Task => Although the records include pictures, print only the rest, exactly as written.

Web page caption snippets

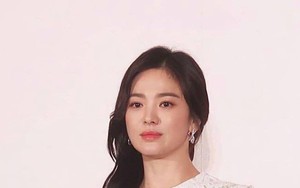 Song Hye Kyo xuất hiện với diện mạo khác lạ, lần đầu đưa ra tuyên bố khiến fan khá ngỡ ngàng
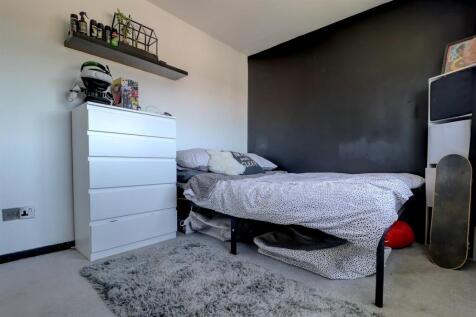 Bedroom 3 .1.jpg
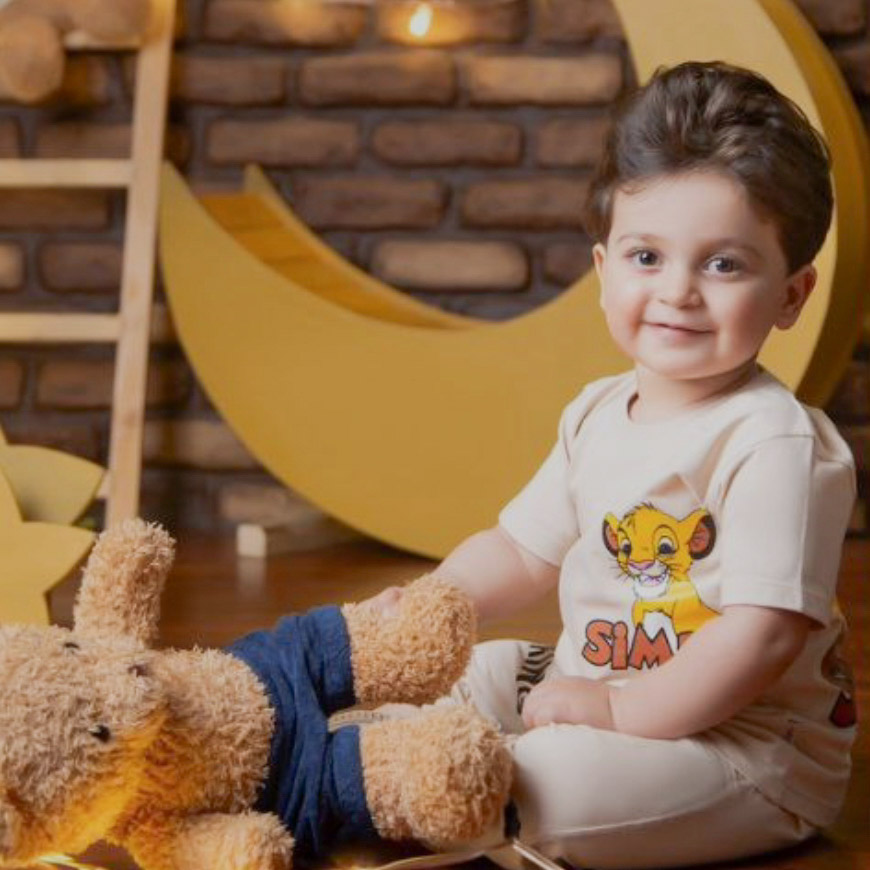 رایان عرفانیان مدل برتر کودک 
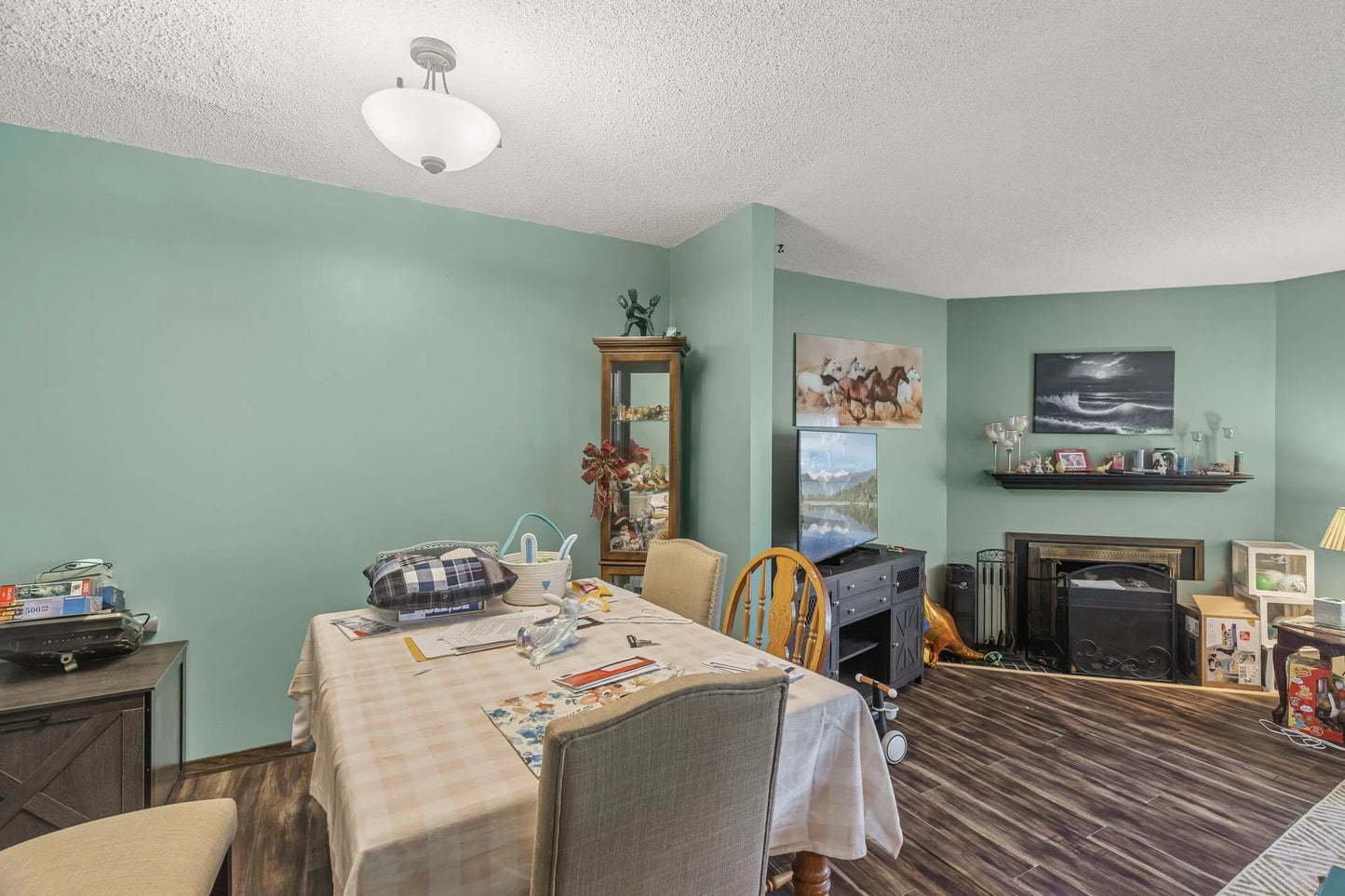 101 Canabury Court, Little Canada, MN 55117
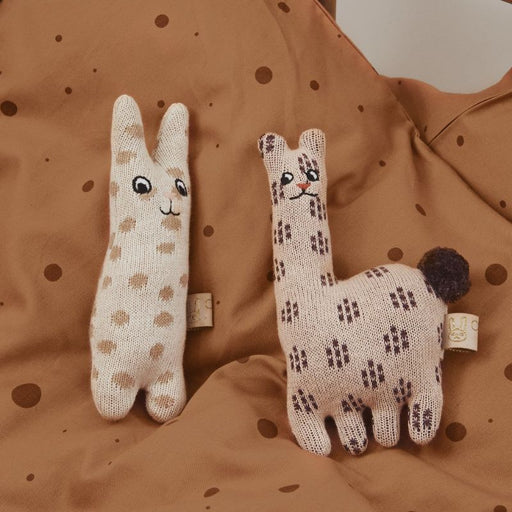 Baby Rattle - Rabbit par OYOY Living Design - Baby Shower Gifts | Jourès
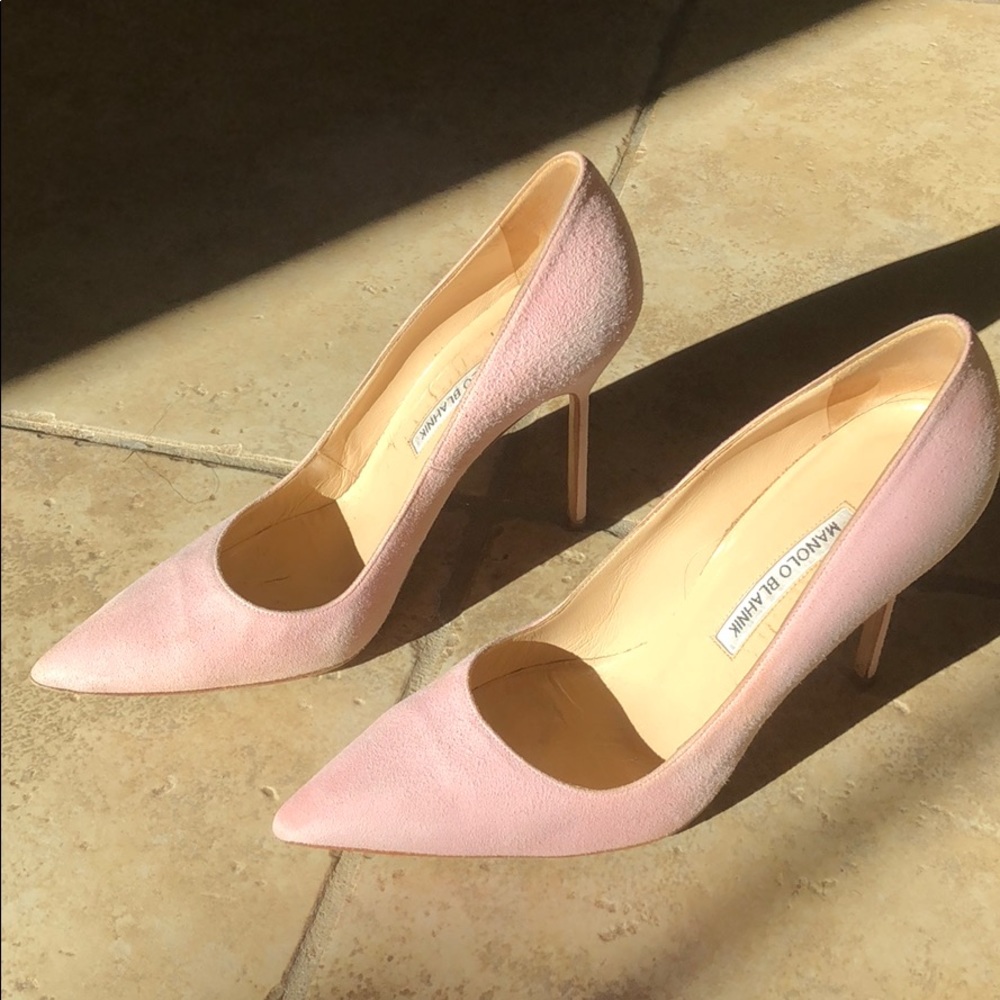Vintage Authentic Pink Manolo Blahnik Suede Pumps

Response to this exercise =>
 Song Hye Kyo xuất hiện với diện mạo khác lạ, lần đầu đưa ra tuyên bố khiến fan khá ngỡ ngàng
 Bedroom 3 .1.jpg
 رایان عرفانیان مدل برتر کودک 
 101 Canabury Court, Little Canada, MN 55117
 Baby Rattle - Rabbit par OYOY Living Design - Baby Shower Gifts | Jourès
Vintage Authentic Pink Manolo Blahnik Suede Pumps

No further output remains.